Input >>
________________________
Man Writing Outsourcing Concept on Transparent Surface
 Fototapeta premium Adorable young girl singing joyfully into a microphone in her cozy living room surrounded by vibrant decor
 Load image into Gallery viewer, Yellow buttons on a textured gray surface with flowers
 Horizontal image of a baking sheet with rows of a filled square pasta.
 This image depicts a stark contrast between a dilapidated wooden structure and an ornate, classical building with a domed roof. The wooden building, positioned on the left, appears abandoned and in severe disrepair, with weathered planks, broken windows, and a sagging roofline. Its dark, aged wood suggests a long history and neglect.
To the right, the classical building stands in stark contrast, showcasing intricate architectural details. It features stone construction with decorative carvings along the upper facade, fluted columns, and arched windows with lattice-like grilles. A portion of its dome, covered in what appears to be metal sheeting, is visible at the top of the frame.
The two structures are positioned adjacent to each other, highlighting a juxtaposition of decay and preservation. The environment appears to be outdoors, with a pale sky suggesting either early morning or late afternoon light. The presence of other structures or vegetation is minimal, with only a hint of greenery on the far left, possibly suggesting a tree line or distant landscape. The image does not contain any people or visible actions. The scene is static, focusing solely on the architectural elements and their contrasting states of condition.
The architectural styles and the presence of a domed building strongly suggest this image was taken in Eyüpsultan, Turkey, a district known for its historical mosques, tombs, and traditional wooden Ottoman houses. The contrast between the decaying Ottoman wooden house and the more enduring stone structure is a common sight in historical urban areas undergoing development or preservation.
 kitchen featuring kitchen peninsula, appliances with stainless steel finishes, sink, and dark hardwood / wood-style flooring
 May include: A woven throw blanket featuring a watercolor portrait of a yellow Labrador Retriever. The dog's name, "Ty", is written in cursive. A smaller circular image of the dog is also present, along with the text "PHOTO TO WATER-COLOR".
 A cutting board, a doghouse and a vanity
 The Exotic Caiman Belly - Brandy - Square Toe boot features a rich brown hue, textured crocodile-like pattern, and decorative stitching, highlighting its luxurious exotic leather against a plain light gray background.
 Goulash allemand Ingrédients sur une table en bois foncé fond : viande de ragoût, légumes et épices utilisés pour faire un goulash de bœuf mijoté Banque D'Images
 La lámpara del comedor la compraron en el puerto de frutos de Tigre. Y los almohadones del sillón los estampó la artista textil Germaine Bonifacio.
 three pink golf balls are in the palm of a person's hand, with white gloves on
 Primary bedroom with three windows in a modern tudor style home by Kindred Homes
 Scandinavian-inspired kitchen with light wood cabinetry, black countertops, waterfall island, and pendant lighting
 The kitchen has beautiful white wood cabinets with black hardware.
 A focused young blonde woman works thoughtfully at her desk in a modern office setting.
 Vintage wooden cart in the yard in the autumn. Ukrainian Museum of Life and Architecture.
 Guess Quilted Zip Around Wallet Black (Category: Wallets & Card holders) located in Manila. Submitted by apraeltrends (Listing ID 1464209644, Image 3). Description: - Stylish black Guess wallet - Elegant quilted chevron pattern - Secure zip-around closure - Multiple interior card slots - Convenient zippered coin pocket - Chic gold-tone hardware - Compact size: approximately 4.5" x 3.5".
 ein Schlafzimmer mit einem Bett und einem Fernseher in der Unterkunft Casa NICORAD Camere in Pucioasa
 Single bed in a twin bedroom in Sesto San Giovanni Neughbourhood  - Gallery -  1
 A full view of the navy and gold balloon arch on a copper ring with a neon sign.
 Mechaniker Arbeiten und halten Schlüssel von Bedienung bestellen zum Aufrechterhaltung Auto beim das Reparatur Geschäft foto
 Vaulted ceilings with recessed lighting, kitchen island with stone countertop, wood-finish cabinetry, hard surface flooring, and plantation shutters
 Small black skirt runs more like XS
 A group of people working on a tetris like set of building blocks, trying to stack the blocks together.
________________________
Instructions to follow >> Retype word for word everything in the listing above from the line that holds "This image depicts" down to the line that holds "To the right, the". Keep both end lines and leave out the rest.

Exercise output >>
 This image depicts a stark contrast between a dilapidated wooden structure and an ornate, classical building with a domed roof. The wooden building, positioned on the left, appears abandoned and in severe disrepair, with weathered planks, broken windows, and a sagging roofline. Its dark, aged wood suggests a long history and neglect.
To the right, the classical building stands in stark contrast, showcasing intricate architectural details. It features stone construction with decorative carvings along the upper facade, fluted columns, and arched windows with lattice-like grilles. A portion of its dome, covered in what appears to be metal sheeting, is visible at the top of the frame.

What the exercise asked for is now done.